The Newsbeat Explains pilot ran on BBC Taster from August to the end of December 2016. It has been conceived as a mobile-first prototype aimed at younger audiences who are typically harder to reach by broadcasters. This concept aims to explain complex topics to our audience in a way that feels quite light and snappy. Journalists used it for niche original journalism and big broad topics.
The purpose of the public trial was to test our concept at a larger scale, with real audiences and over an extended period of time. The trial aimed to measure audience interest and gather feedback to understand if people engage with this new format for news stories.
As this format was welcomed by our target audience and journalists who used the prototype, it was selected as a new format for providing important Q&As prior to the 2017 General Elections. We have been working with journalists and using live production systems since the election was called a month ago to ensure a relatively smooth integration into the main BBC News product - and this is now live.
While our findings from our work on Newsbeat Explains is not intended to provide the solution to the future of news, we hope they will give some useful insights on how the prototype performed throughout the trial and how it was perceived by our audiences.

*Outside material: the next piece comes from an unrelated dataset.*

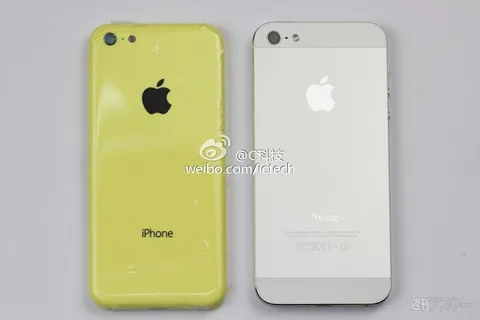 Plastik iPhone ve iPhone 5 yan yana görüntülendi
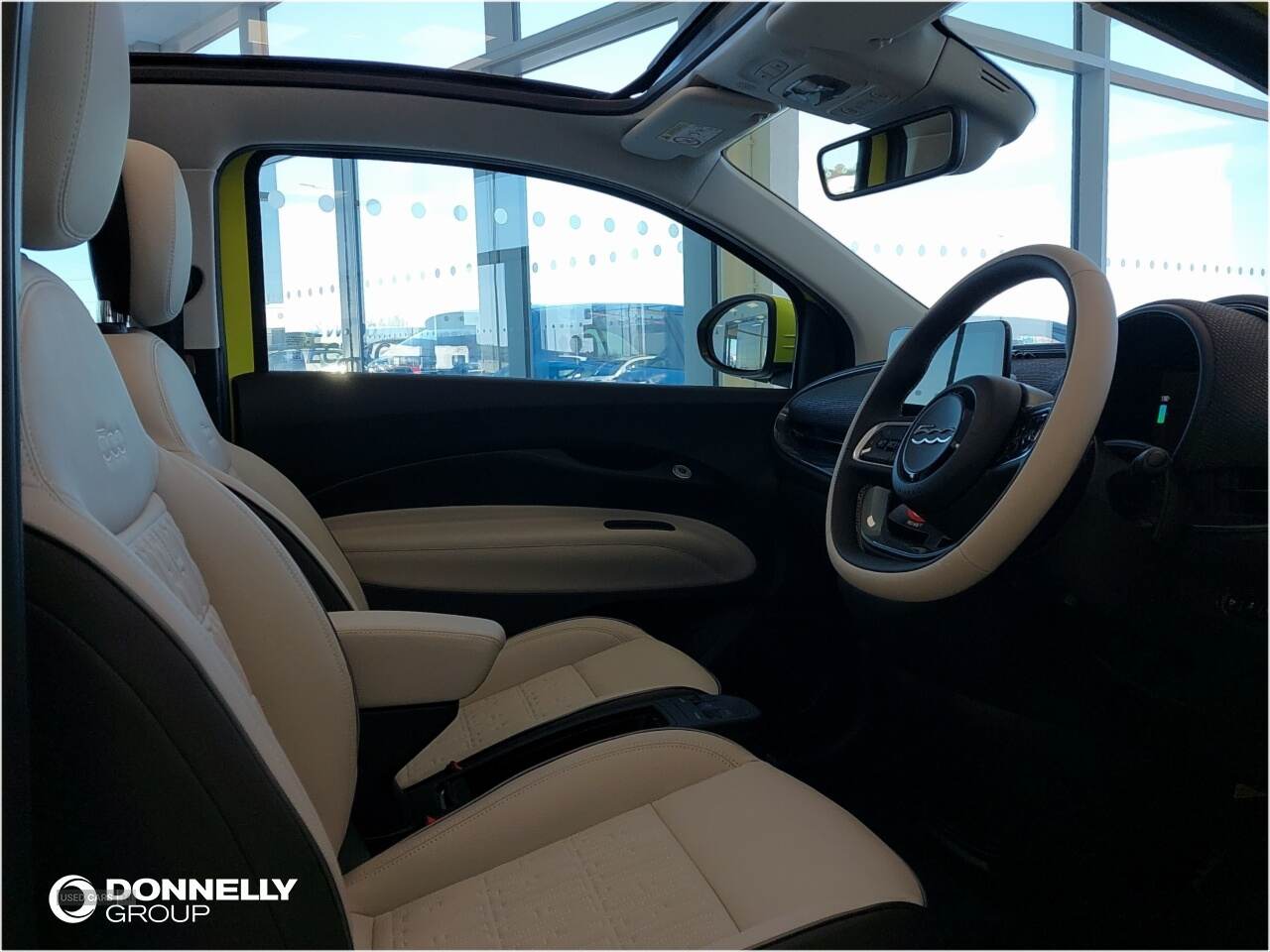 Dec 2024 Fiat 500 87kW 42kWh 2dr Auto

Newsbeat Explains was built using existing BBC News production systems - CPS, Vivo & LDP - in new, interesting ways. We didn’t want to impose new workflows upon Newsbeat journalists creating the content as we were interested in testing the concept rather than custom-made tools. Furthermore, we wanted to test the end-to-end workflow and learn how to use this process for creating stories at fast, newsroom pace. It was built as a fully responsive UI across desktop, tablet and mobile devices.
We were interested in gathering insights on our concept from two target groups: end users and journalists. More specifically we wanted to know:
- Do people engage with this format?
- Does it help understand the story better?
- Does it fit with their current consumption patterns?
- Test the end-to-end workflow
- Understand if the writing style works
- Learn how to create atomised content at fast, newsroom pace
A combination of quantitative and qualitative data has been gathered for the trial’s duration to evaluate it against our research questions. We adopted a 360 approach to evaluation of the pilot employing diverse tools for data gathering - from pure quantitative data tools to questionnaires, individual interviews with end users and journalists.
The pilot had a total of 10 stories written by Newsbeat journalists in our defined format over the duration of the trial and successfully attracted a substantial audience reaching approx 120k visitors. Reaching our audiences on a larger scale allowed us to identify patterns and answer with a degree of confidence, or at least provide us with clearer insights on some of our research questions.
The data gathered during the trial tells us visitors spent an average of 56 seconds. This reaffirms feedback from our target audience on time spent reading news in previous controlled user testing iterations on a smaller scale.
We also know about 40% of visitors opened approx 3.7 atoms - each story having on average 6 atoms. While we cannot ascertain which atoms were opened or their order, this could indicate a ‘skimming and digging’ pattern with visitors choosing which aspects of the story to find out more or preferring the overview mode as it appears to be the case for 60% of visits.
Together with the average time spent, this might indicate visitors consumed the information that mattered the most to them without having to read it all as the average time taken to read an non-atomised Newsbeat page is 1 minute 20 seconds. This was reaffirmed by feedback from the controlled user study.
“if the subheading enticed you, you could read more, but if it wasn't your thing, you could just leave it. It wasn't daunting, like a big wall of text” [Participant 06]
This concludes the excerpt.